The third row of seats is large enough for adults in a pinch, and has LATCH attachments on the left-hand side. With the middle-row seat slid forward, a one-handed operation, there was enough space for an adult to load a squirmy toddler back there. When the toddler gets older and squirmier, note that Limited and Premium trims come with extra USB outlets for the third row. Plug in Paw Patrol on an iPad and enjoy some sanity.

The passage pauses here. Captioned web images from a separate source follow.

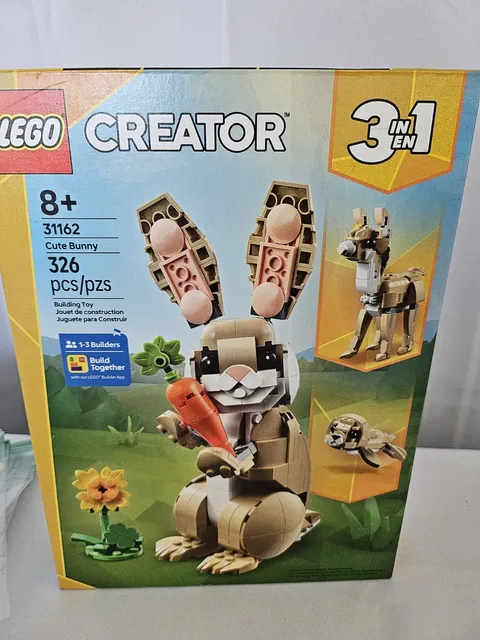 LEGO Creator 3-in-1 Cute Bunny 6527848 (New Sealed)  Number 31162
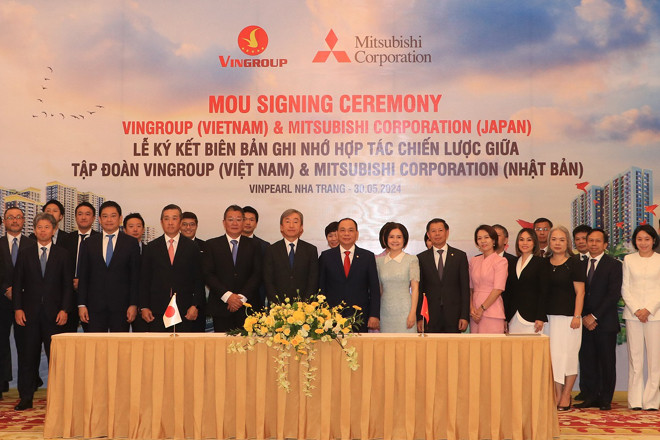 Vingroup và Mitsubishi Corporation hợp tác chiến lược toàn diện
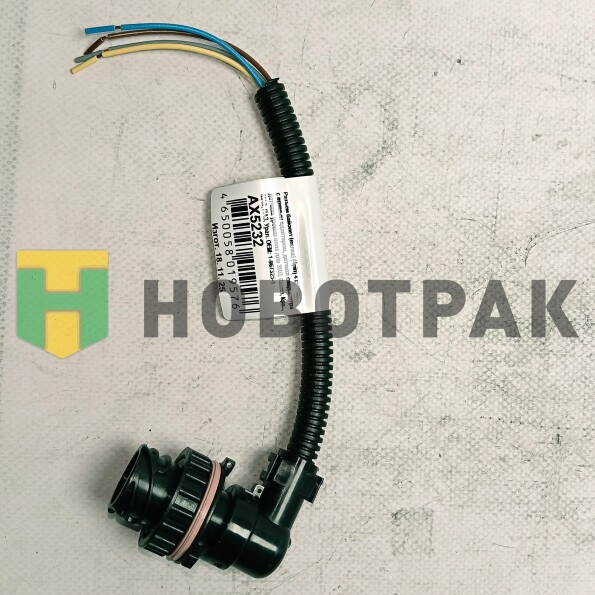 Разъём байонет 4 контакта (угловой) AX5232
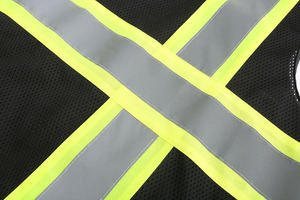 Gilet de sécurité réfléchissant personnalisé par le fabricant, veste réfléchissante 100% polyester, gilet de sécurité haute visibilité réfléchissant - Product Image 5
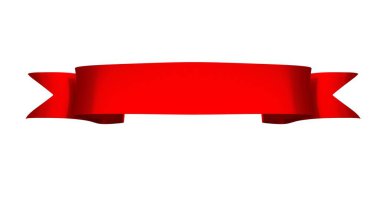 Beyaz arkaplanda 3Drealistik retro dekoratif afiş, kırmızı bant veya yıldız işareti çizimi, boş eski simge, bilgi şablonu etiketi, mutlu noel kurdelesi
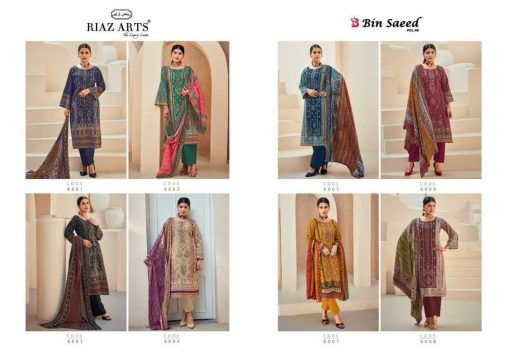 Riaz Arts Bin Saeed Vol 6 by Mumtaz Arts Cotton Salwar Suit Catalog 8 Pcs 14 510x360 - Riaz Arts Bin Saeed Vol 6 by Mumtaz Arts Cotton Salwar Suit Catalog 8 Pcs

If you’ve got all three rows deployed, the Ascent suffers from much of the same drawback you get with most three-row crossovers, having right around 500 L of space. However, Subaru’s made the most of it by creating a small underfloor space for stowing little-used items (a first aid kit, jumper cables) and you can stow the cargo cover in there as well. There’s Velcro on the seat-lowering straps, which can be used to hold the lower floor tray up if you’re sorting through things.

Because it’s so much larger than the Forester, at almost five metres long, the Ascent doesn’t cramp the middle row by fitting in the third-row seats. There’s plenty of space for older families with taller kids. Driver and passenger comfort is very good, with adjustable added driver thigh support on the Limited models. The Premier version even has ventilated seats that draw air down, rather than forcing it upwards.

If you’re less likely to use the third row on a day-to-day basis, there’s 1,331 L of space with the third row folded, and the rear trunk is wide and squared off. The rear power tailgate in something like an Outback is annoyingly slow, but this issue seems addressed with the Ascent.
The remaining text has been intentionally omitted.